# Local Flow Bass



## NCbassattack (May 5, 2014)

Hit the local flow today with my friend Guffy and found the fish biting early on. Got several, and every one of them were 14 inches or better. Caught them on speedcraws, Power worms, spinnerbaits, and Guffy got one near five on a DT6. We only had four hours to fish, but it was a beautiful day, and the fish were biting. Water temp 61f. Fairly clear.


----------



## laynhardwood (Dec 27, 2009)

Sounds like you guys had a fun half day. The pics won't load for me


----------



## NCbassattack (May 5, 2014)

For some reason, I can't load them.

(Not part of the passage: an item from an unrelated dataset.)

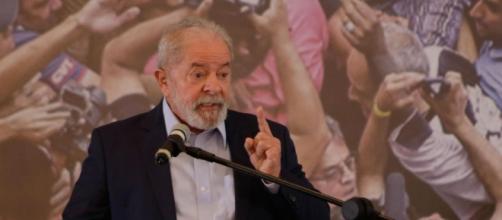 Lula faz discurso após anulação de condenações (Reprodução/YouTube)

The "upload a file" won't come up.


----------



## NCbassattack (May 5, 2014)

Have to do it like this, from my NC site.
http://www.ncangler.com/forums/threads/104065-HPCL-Today-with-Guffy


----------



## MassillonBuckeye (May 3, 2010)

NCbassattack said:


> Hit the local flow today with my friend Guffy and found the fish biting early on. Got several, and every one of them were 14 inches or better. Caught them on speedcraws, Power worms, spinnerbaits, and Guffy got one near five on a DT6. We only had four hours to fish, but it was a beautiful day, and the fish were biting. Water temp 61f. Fairly clear.


How is the water the same temps about the same as here in Ohio?!! Crazy! Glad you got into em.


----------